Thanks for the complement on the rig!


----------



## Toolman Taylor (Mar 11, 2006)

Banksy - That is some impressive lift on that blade! I went and got a 10FT cable made up for the winch during the winter but the cable guy made the loop waaaay too big and the swedge gets caught in the fairlead if I lift too high.

PS - I wouldn't run that strobe setup if you were prone to epileptic fits! JK


----------



## Banksy (Aug 31, 2005)

Looks like you'd definately need chains on that driveway, all ice it looks like. I don't use chains (don't have any anyhow), that way it's a little easier on the quad. It will push as much as it can and not over load it. Got any pics of the under carriage? HaHa I don't use the strobe, it was just there for the pic, since that was what was asked for in the title.


----------



## Toolman Taylor (Mar 11, 2006)

I knew I should have taken a few pics of the mount and stuff! Hopefully tomorrow. 

Actually the chains are more for backing up away from the piles. Like you, this one will push no problem without chains. The need for them stems from a Polaris quirk - when you are in AWD and shift into reverse, the machine goes back to RWD until you press the reverse overide button then the front engages again. So when your shifting, steering, and running the blade the last thing you need is another button! The chains allow me to back away in RWD.

A side note, I doubled up the number of crosslinks right away to reduce the slip and grab of most stock chains with wider gaps between the crosslinks.


----------



## greenscapes inc (Oct 28, 2005)

I just put a glacier plow on my sportsman 500, but my sportsman is a 02. From what I understand they didn't make a glacier II for the older atv's. Mine mounts under the atv like the typical atv plow. I love that mount that you have because the plow raises up higher. Are your ramming it pretty hard to push it back into the radiator like that or is it just a poor design?


----------



## Toolman Taylor (Mar 11, 2006)

Well, my neighbor has the identical machine (just different blade) with the original Glacier mount and he's quite a bit more ram happy than me and hasn't had a problem to date. 

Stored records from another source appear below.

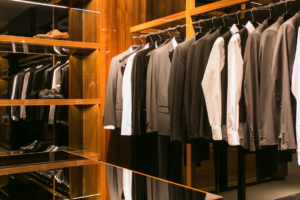 Cara Menyimpan Jaket dengan Rib agar Tetap Awet dan Elastis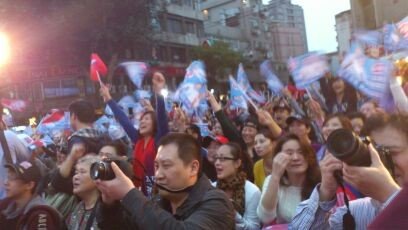 ̨����ͳѡ���ֳ�ͼƬ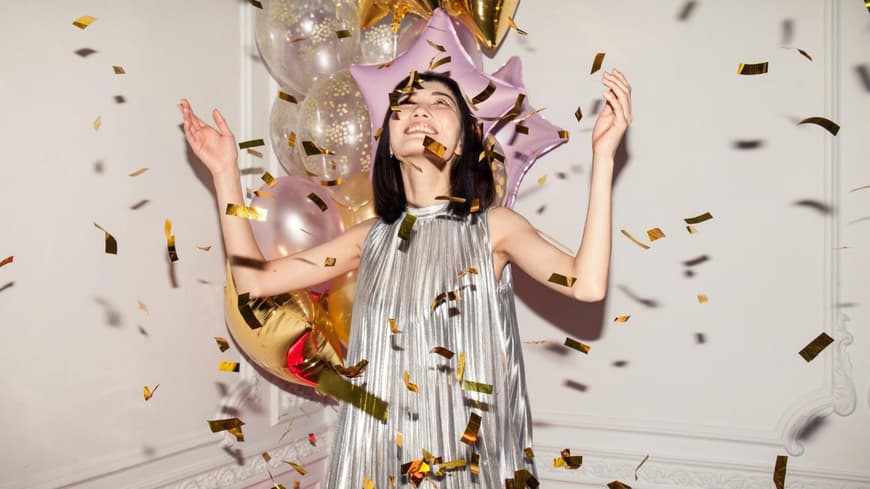 Frau feiert Silvester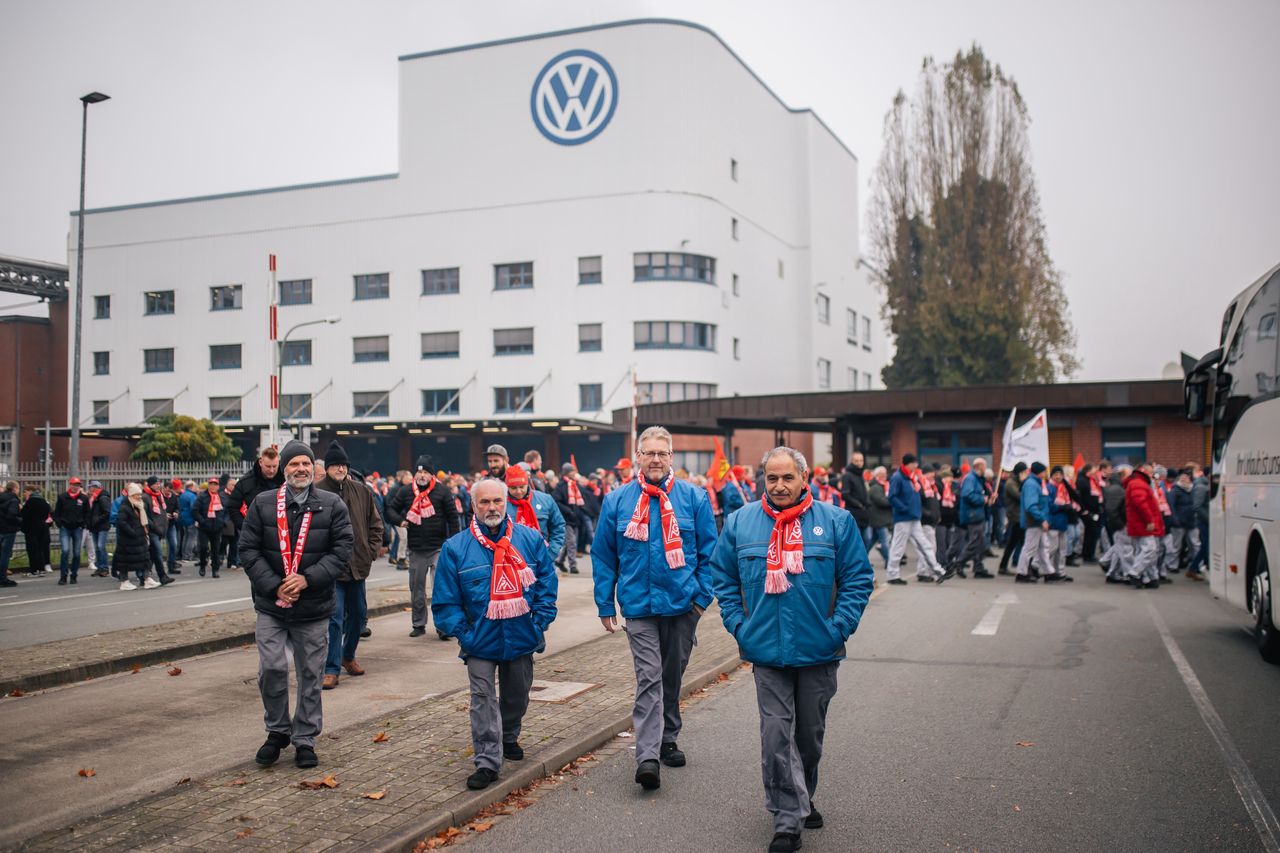 Strajki w dziewięciu fabrykach Volkswagena. Pracownicy chcą konkretnych deklaracji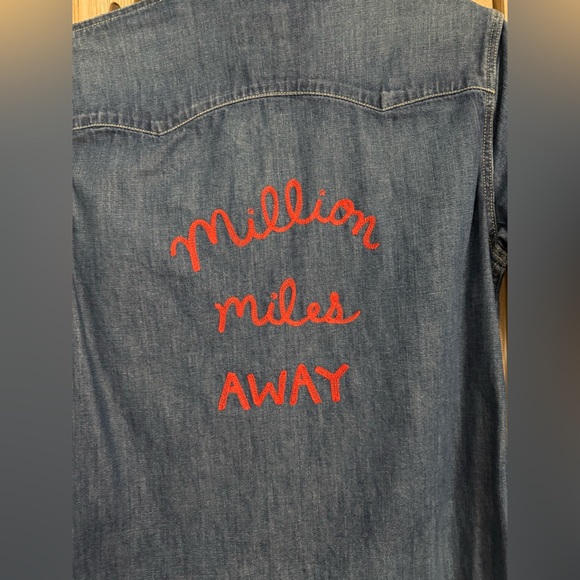 Levi’s Western Embroidered Denim Shirt “million miles away” - Picture 2 of 8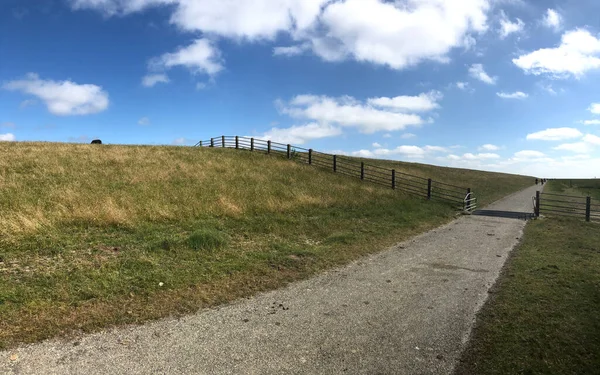 Piste Cyclable Une Digue Sur Schiermonnikoog Aux Pays Bas — Photo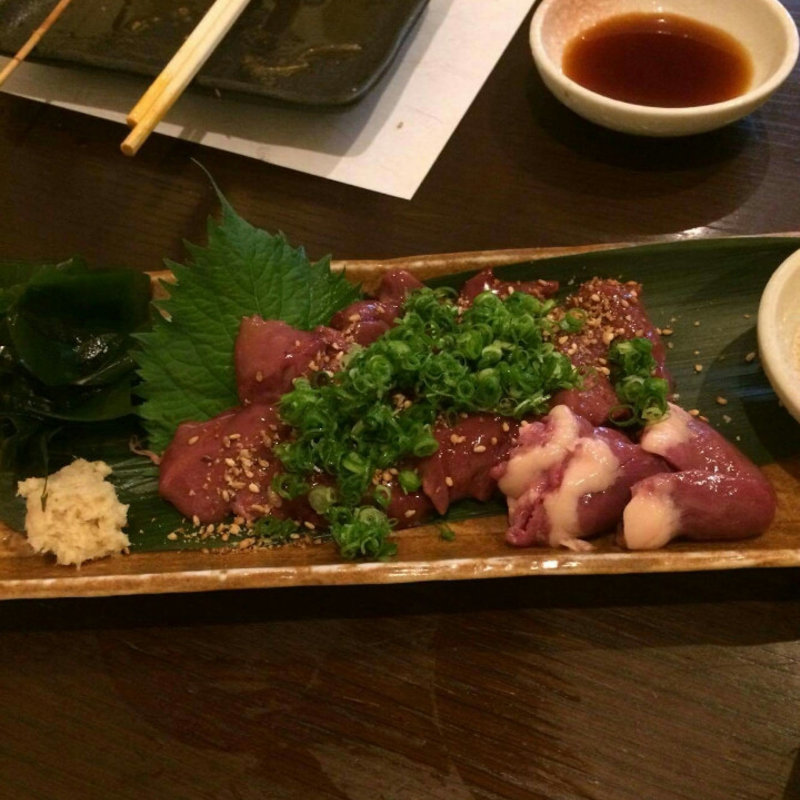 鶏の造り(さかなやいぬい)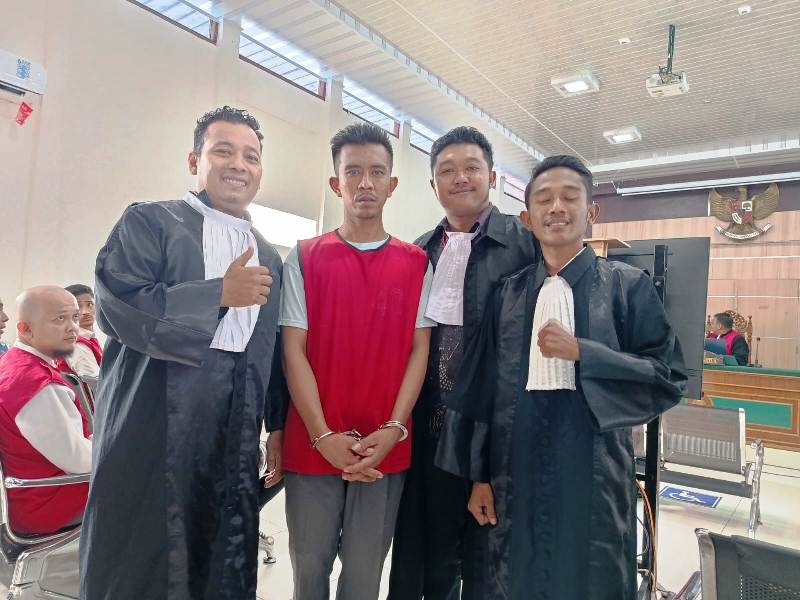 Tadah Hasil Curian, Fajar Dipenjara 7 Bulan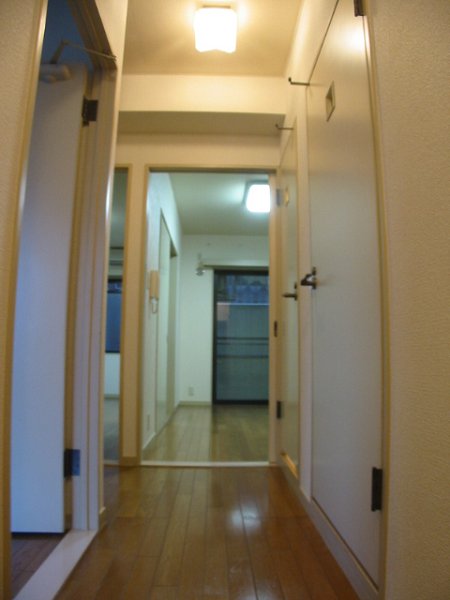 ラフォーレ桜丘 玄関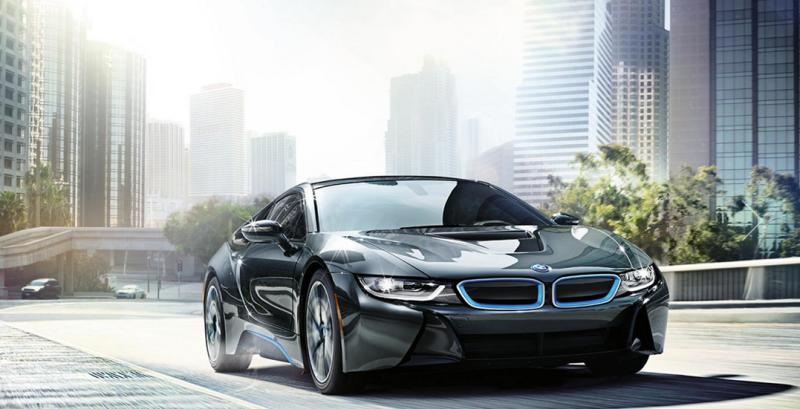 BMW, i8 hibrit modelini tamamen elektrikliye geçirmeyi düşünüyor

The biggest problem I see is the three big bolts (3/8") on the mount are slotted, so this means the the two 5/16" bolts actually are what locates the mount. This doesn't make much sense to me. What happens on ours is the mount slides back until the 5/16" bolts shear and then the mount has no support in the middle and begins to buckle. When the mount buckles the rear anchor bolt no long takes the push impact and the two bolts infront of the rad begin to take the load. (long story short - I think it's a good design, poorly executed)

The reason we went with the Glacier II is because of the lift increase and there is next to nothing for ground clearance loss. In retrospect though (caution: this is my logic at work) when you look at Polaris' website, the original mount is still worth more than the new one - this tells me there's gotta be more steel in the old one! (more steel = stronger  )

I think you will like your setup quite well.


----------



## Snowbrdr360 (Nov 5, 2006)

Ive got a 54" eagle straight blade on my Sportsman 700, these things can really push! We our first big storm of the season last Friday and I had no problems powering thru 10-12 inches of snow on the sidewalks. I am beyond pleased with it!

The mount on the Eagle plow is great too, loosen 4 bolts and the drop down carriage slides right off bringing it back to stock height! Takes less than a minute:redbounce


----------



## Toolman Taylor (Mar 11, 2006)

I have to agree with you completely! I had never plowed with an ATV before - just heavy equipment. They are so quick and nimble ( you can be in the middle of a driveway and just cop a nut) plus it's very surprising how much snow they can push with hardly a grunt.

One investment I've got to make though is hand and thumb warmers!


----------